Would you retype the listing below word for word, without any of its pictures?

• _SOURCE DATA_

•••

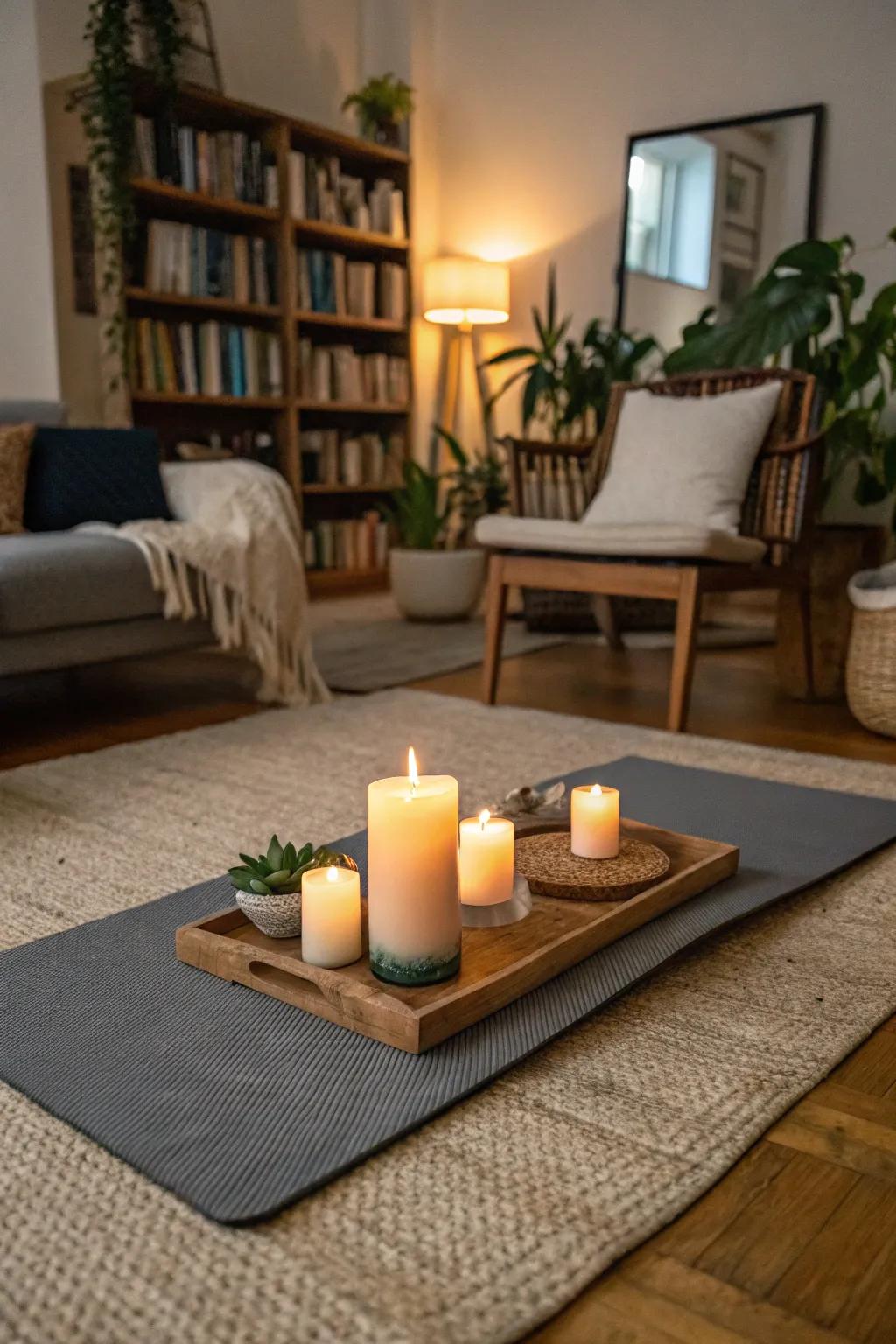 A serene meditation nook for relaxation and mindfulness.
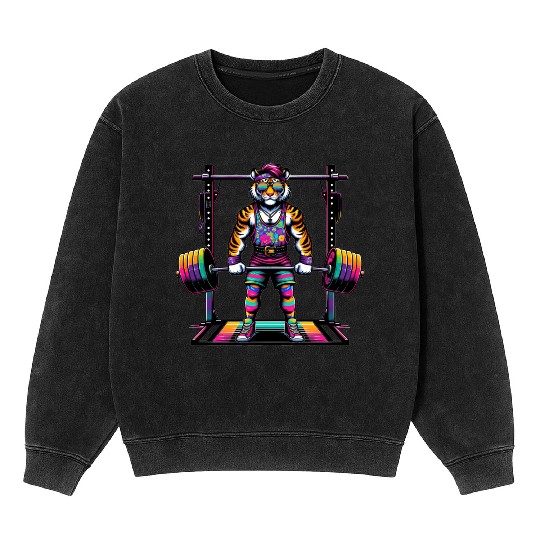 Muscular Rainbow Tiger Deadlifting Mineral Wash Sweatshirts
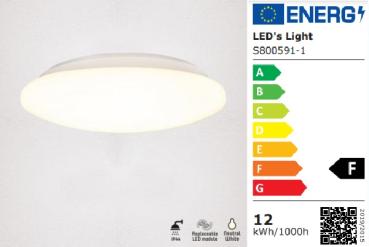 SHADA LED Deckenleuchte 12W 1200lm 4000K neutralweiss, Ø 270mm, IP44, EEC: F (0810591)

•••

• _TASK OUTPUT_
 A serene meditation nook for relaxation and mindfulness.
 Muscular Rainbow Tiger Deadlifting Mineral Wash Sweatshirts
 SHADA LED Deckenleuchte 12W 1200lm 4000K neutralweiss, Ø 270mm, IP44, EEC: F (0810591)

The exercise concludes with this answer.